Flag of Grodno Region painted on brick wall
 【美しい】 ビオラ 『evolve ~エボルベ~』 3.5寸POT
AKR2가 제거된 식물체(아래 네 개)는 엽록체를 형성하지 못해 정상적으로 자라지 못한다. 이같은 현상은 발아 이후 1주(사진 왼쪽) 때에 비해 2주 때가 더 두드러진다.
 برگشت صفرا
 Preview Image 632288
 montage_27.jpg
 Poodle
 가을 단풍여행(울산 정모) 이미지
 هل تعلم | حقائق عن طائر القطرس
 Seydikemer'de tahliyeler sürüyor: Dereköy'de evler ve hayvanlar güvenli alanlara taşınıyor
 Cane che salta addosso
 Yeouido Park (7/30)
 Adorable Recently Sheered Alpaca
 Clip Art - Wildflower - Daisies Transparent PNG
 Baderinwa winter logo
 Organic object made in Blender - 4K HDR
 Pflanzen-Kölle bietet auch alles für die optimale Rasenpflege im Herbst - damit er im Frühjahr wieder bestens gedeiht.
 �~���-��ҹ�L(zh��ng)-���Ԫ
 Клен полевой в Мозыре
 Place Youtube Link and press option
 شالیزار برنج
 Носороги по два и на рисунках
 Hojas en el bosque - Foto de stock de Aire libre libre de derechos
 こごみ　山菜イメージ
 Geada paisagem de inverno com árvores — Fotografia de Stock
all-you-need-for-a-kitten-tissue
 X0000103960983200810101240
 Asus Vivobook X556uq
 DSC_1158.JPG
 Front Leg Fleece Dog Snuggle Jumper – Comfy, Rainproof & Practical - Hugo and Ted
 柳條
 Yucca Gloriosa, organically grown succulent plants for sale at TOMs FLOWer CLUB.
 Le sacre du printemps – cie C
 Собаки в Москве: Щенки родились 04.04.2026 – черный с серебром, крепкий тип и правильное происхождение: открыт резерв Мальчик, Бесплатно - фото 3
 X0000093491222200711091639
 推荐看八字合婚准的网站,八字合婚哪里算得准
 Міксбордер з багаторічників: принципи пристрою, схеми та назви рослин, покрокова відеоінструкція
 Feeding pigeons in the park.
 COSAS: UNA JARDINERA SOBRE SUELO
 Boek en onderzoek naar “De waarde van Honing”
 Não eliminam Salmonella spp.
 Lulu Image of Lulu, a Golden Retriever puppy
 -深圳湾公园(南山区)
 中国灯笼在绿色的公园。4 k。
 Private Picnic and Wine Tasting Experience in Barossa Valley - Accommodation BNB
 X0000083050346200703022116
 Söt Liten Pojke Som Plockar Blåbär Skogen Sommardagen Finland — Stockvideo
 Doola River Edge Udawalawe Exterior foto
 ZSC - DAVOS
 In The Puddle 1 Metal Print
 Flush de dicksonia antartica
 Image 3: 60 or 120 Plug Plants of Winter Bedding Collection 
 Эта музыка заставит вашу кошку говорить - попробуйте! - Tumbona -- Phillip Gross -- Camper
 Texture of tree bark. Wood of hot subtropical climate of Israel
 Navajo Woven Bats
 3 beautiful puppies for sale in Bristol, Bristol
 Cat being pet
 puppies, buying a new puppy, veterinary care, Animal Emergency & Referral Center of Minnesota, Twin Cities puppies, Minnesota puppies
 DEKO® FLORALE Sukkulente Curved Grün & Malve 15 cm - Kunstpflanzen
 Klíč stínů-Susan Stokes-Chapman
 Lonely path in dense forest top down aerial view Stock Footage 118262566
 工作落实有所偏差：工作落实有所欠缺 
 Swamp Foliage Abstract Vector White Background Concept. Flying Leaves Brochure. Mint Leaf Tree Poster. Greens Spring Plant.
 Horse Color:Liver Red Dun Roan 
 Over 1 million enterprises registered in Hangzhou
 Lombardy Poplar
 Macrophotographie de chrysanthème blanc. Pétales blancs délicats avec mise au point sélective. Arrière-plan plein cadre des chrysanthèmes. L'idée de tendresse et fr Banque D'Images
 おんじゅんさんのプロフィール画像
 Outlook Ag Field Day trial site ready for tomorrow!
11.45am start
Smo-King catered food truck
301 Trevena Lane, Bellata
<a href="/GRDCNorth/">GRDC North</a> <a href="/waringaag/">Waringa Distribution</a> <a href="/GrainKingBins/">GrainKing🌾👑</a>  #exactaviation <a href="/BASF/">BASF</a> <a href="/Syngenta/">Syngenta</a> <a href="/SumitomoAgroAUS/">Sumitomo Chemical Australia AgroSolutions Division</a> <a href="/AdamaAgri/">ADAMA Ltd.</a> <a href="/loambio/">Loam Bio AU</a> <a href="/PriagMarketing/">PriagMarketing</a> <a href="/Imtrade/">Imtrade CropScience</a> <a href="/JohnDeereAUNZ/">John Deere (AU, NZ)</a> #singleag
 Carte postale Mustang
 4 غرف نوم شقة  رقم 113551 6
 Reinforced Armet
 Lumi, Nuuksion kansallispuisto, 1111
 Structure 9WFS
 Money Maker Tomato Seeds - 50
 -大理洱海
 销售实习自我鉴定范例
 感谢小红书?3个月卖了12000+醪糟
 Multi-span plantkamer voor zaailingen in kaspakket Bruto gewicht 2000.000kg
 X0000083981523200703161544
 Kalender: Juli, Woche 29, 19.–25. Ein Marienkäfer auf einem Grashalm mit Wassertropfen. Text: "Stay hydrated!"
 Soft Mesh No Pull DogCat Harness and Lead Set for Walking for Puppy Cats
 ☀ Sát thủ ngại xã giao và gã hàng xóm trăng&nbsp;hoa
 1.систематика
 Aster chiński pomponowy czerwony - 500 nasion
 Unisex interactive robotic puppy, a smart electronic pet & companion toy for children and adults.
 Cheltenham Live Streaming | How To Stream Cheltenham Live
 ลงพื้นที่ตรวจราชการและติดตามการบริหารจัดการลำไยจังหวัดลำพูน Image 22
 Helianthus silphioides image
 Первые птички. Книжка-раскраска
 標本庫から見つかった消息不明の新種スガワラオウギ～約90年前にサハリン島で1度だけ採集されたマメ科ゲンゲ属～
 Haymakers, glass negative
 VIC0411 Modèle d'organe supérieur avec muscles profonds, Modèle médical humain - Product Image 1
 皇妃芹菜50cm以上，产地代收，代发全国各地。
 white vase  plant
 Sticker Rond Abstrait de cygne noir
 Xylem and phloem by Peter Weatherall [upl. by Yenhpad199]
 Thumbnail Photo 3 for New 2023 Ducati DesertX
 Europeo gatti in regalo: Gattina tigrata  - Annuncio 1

● ● ●

- _Action item_: Exactly the lines between the one containing "Первые птички. Книжка-раскраска" and the end of the material, both ends included, must be retyped, with nothing added.

- _Solution to this task_:
 Первые птички. Книжка-раскраска
 標本庫から見つかった消息不明の新種スガワラオウギ～約90年前にサハリン島で1度だけ採集されたマメ科ゲンゲ属～
 Haymakers, glass negative
 VIC0411 Modèle d'organe supérieur avec muscles profonds, Modèle médical humain - Product Image 1
 皇妃芹菜50cm以上，产地代收，代发全国各地。
 white vase  plant
 Sticker Rond Abstrait de cygne noir
 Xylem and phloem by Peter Weatherall [upl. by Yenhpad199]
 Thumbnail Photo 3 for New 2023 Ducati DesertX
 Europeo gatti in regalo: Gattina tigrata  - Annuncio 1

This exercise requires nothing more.